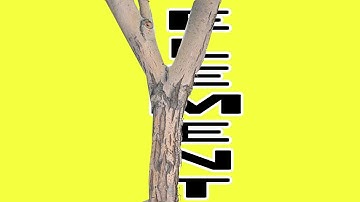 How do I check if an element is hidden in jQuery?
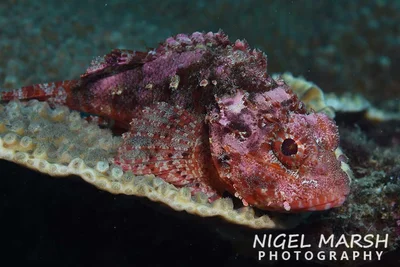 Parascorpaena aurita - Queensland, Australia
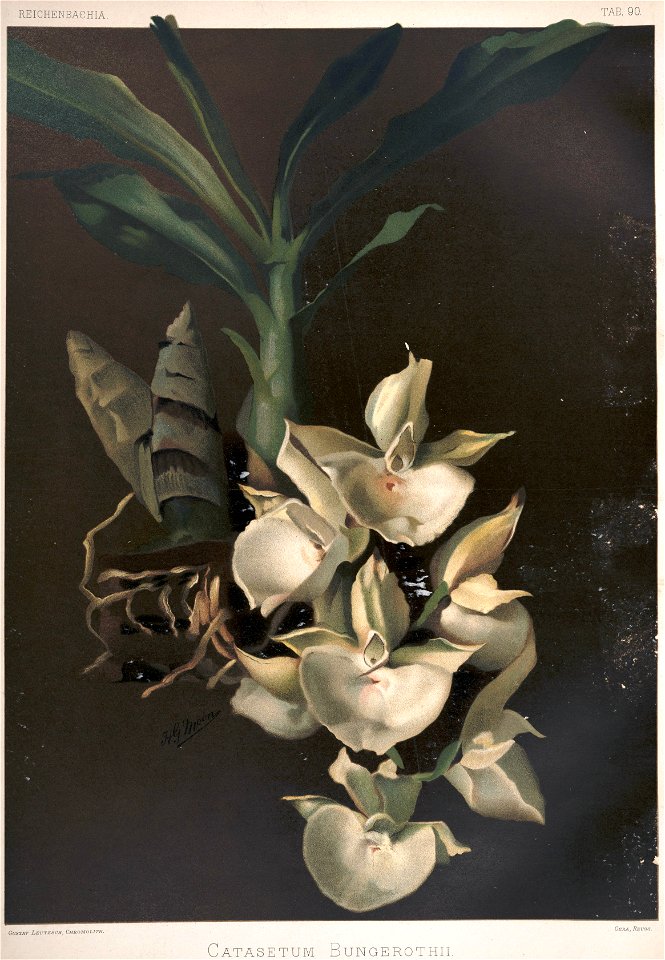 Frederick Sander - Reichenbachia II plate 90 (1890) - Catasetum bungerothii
...
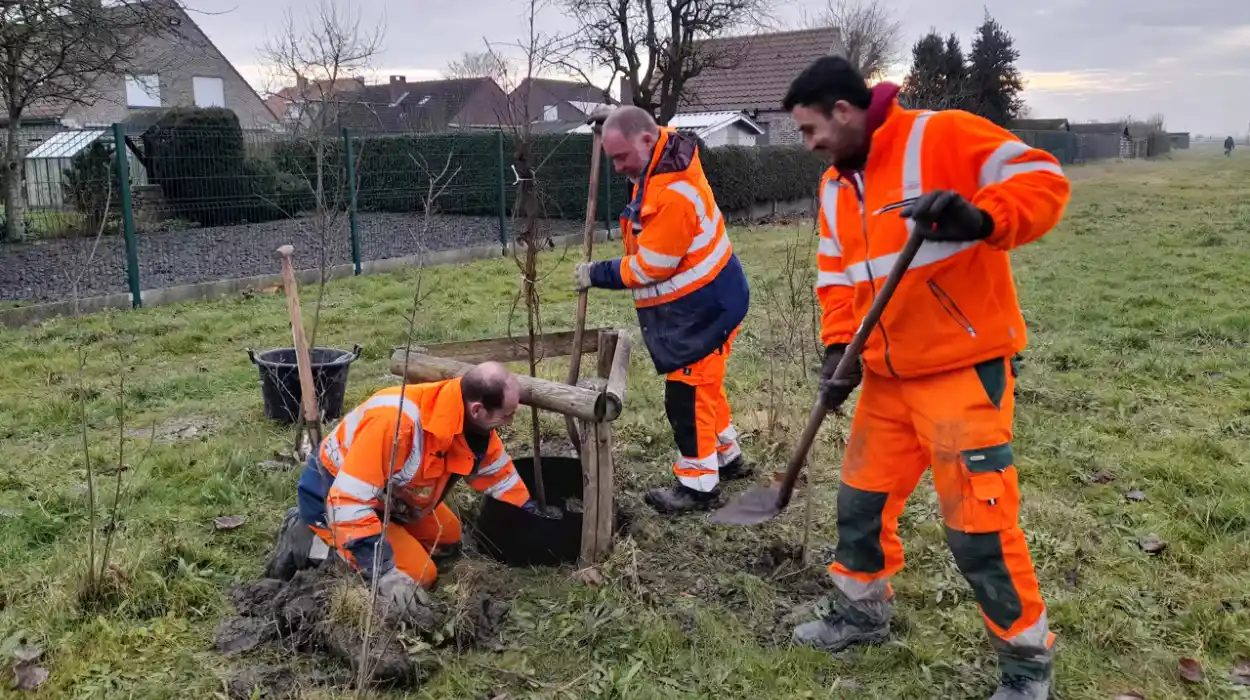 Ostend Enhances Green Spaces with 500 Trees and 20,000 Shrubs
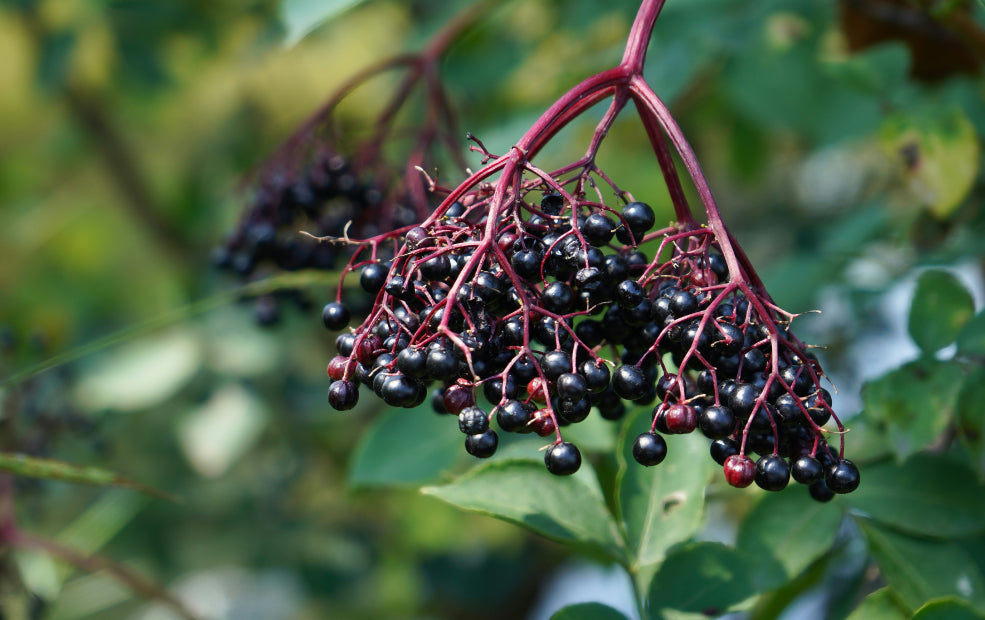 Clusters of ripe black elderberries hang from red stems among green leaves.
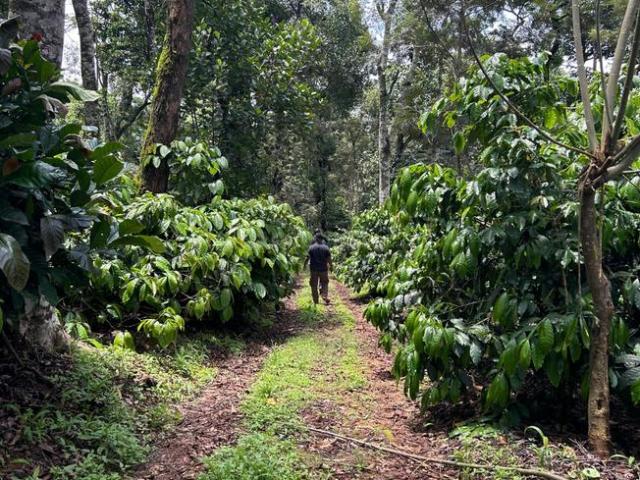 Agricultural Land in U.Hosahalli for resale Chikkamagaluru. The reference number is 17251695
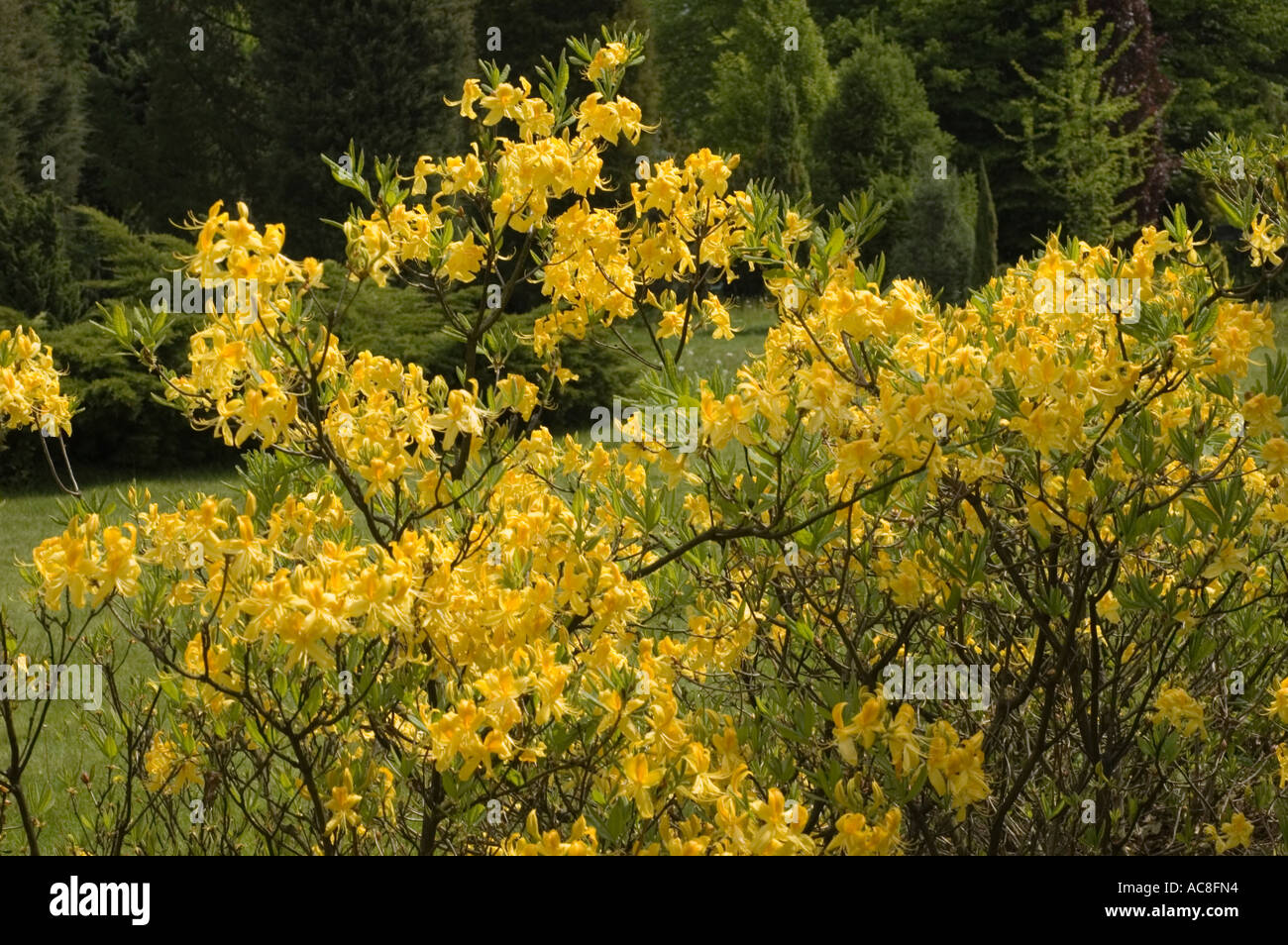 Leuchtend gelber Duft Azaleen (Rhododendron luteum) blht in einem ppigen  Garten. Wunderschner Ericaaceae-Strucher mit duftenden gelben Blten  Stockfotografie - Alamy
* * *
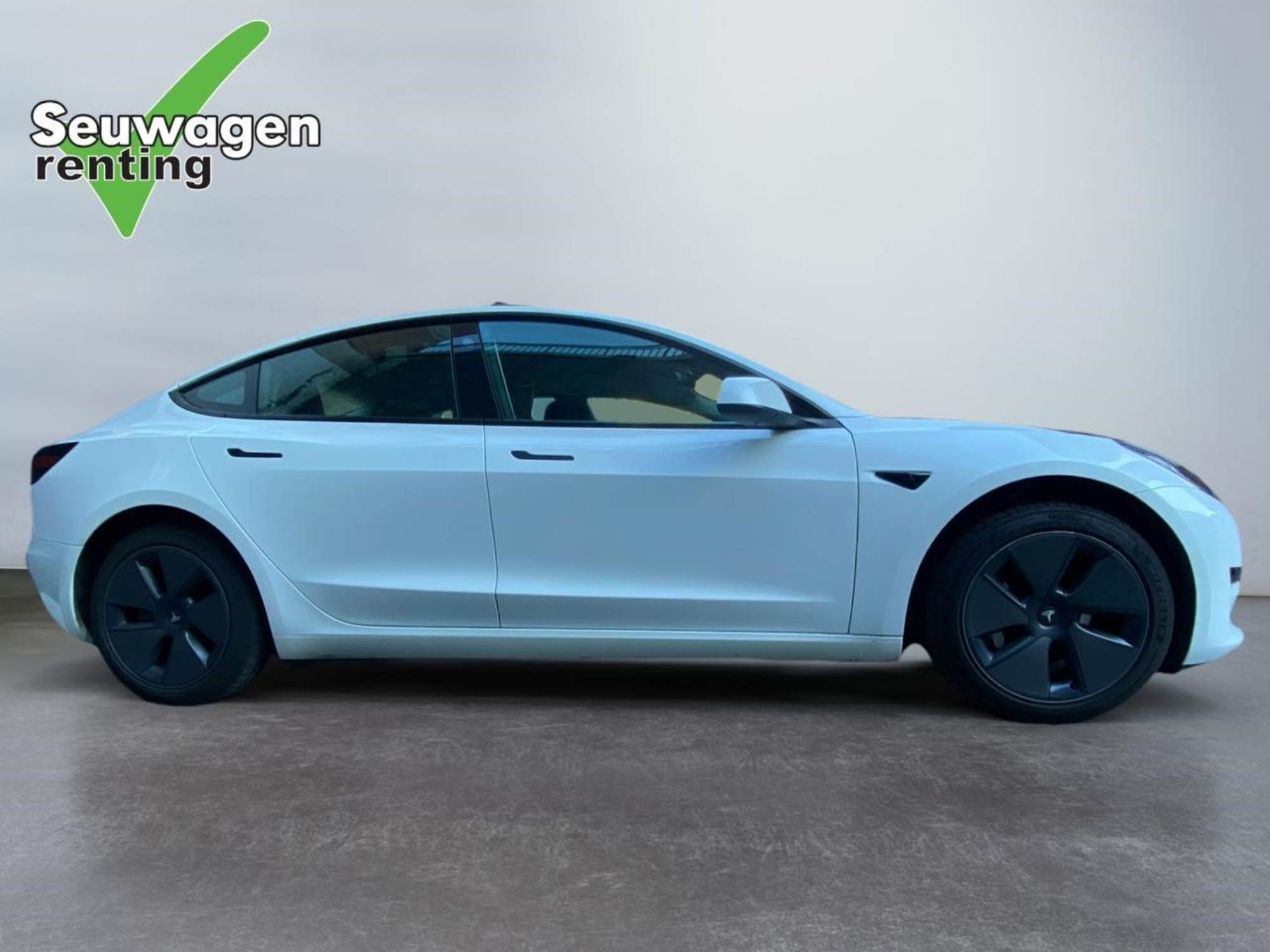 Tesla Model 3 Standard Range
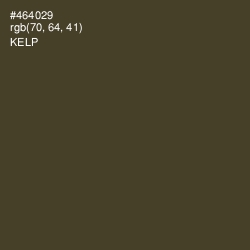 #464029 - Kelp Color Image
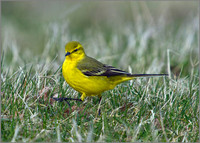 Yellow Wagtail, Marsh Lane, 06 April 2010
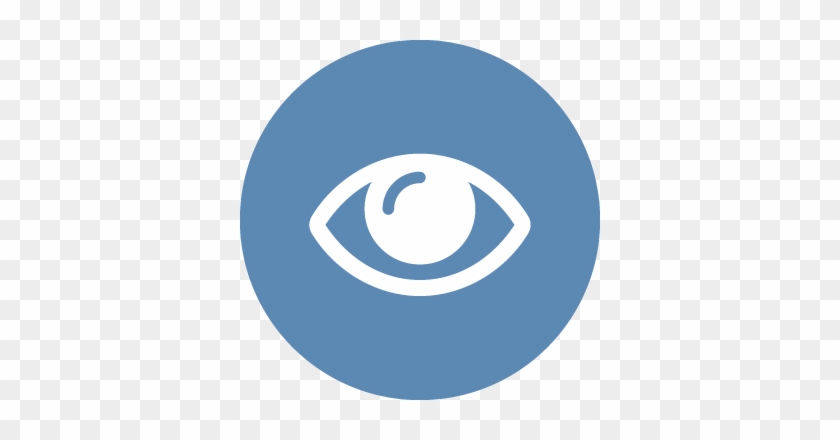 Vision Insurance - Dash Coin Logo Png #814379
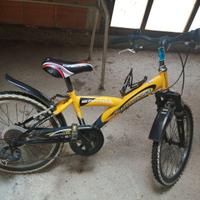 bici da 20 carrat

▶ DIRECTIONS FOR THIS TASK
In the records above, everything from the line with "Tesla Model 3 Standard Range" down to the line with "bici da 20 carrat" must be duplicated exactly, both lines kept. Leave no pictures in.

▶ PROBLEM SOLUTION
 Tesla Model 3 Standard Range
 #464029 - Kelp Color Image
 Yellow Wagtail, Marsh Lane, 06 April 2010
 Vision Insurance - Dash Coin Logo Png #814379
 bici da 20 carrat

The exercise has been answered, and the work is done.